If the MCL35 emerges as an even quicker prospect than last season, Sainz and Norris will be adequately equipped to pick up regular points and the occasional podium.

One key difference that the team showed last year was an ability to take a technical weakness and actually improve it, while the travails of 2018 that dogged Fernando Alonso and Stoffel Vandoorne were largely rooted in an inability to cure front-end instability. Firstly, McLaren must prove that the recent spell in the doldrums was an exception, not the rule.

Last year was its highest watermark since its last season with Mercedes power in 2014 and, while the team must be ambitious enough to want more, it must also be mindful that it cannot mount a sustained challenge to Mercedes, Ferrari and Red Bull overnight.

That said, F1 would be incredibly grateful if McLaren could.

The expert view

By Tim Wright, Autosport technical contributor

This is probably the biggest departure from the 2019 cars that we have so far seen in the current launches. The most obvious point of interest is the front wing, where McLaren has gone more in the direction of - but not as extreme as - Ferrari, with the outboard edges of the flaps.

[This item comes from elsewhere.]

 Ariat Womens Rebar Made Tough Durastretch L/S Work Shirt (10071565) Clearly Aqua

This will direct the air more to the outside of the front tyre, whereas the inner part of the flaps will provide a strong direction through to the area behind the front wheel and to the bargeboards.

The mainplane outboard section has more of an upward lift which enables them to install larger strakes, again to direct air past the inside of the wheel, whilst increasing downforce.

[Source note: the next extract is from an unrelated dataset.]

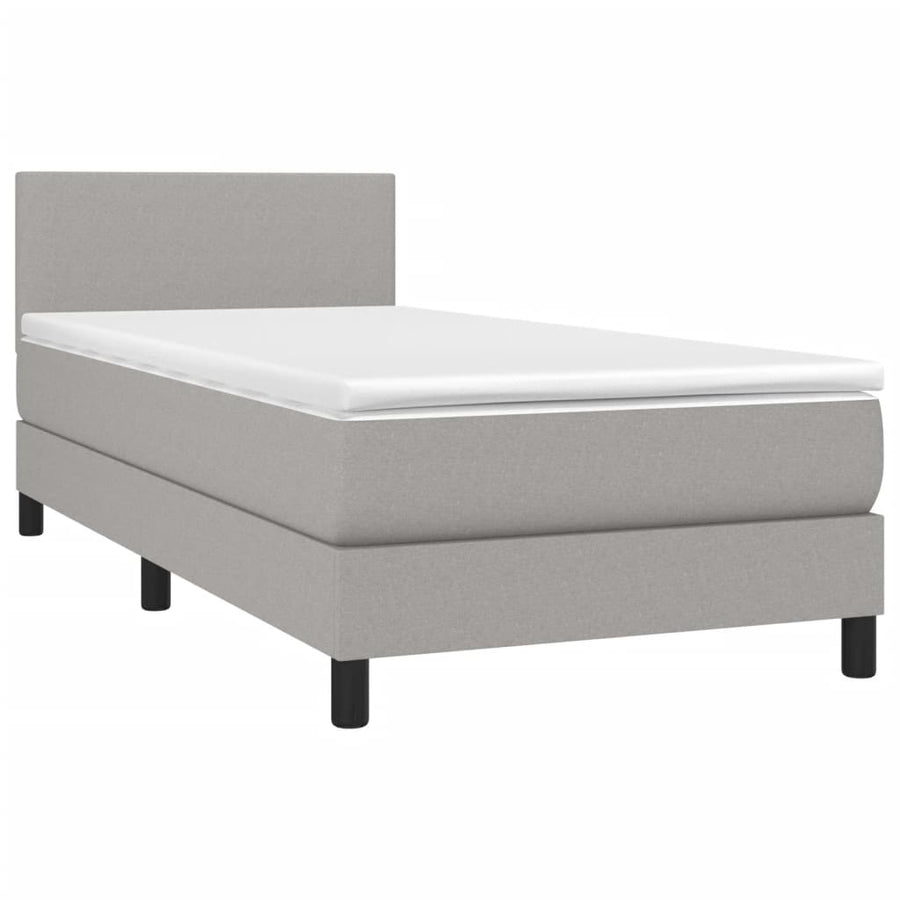 Boxspring Met Matras En Led Stof Lichtgrijs 90 x 200 cm Effen ontwerp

Introducing Tim Wright - Autosport's new technical expert

McLaren has stayed with a much narrower nose section than other top teams, so the pylons are outboard and help direct the air onto the under-nose strakes and under the T-tray.

There are multiple turning vanes and small fins on the bargeboards helping to direct the turbulent air from the front wheel onto the sidepods, which are more streamlined and tighter to the chassis allowing better flow to the rear wing and diffuser through a larger coke area. The engine cover also looks slimmer, helping air onto the rear wing.

A lot more attention has been paid to the rear wing endplates, which have multiple slots in both upper and lower sections to tidy up the airflow.

Small details are to the rear-view mirror mountings, which have also changed ever so slightly with an amendment to the regulations.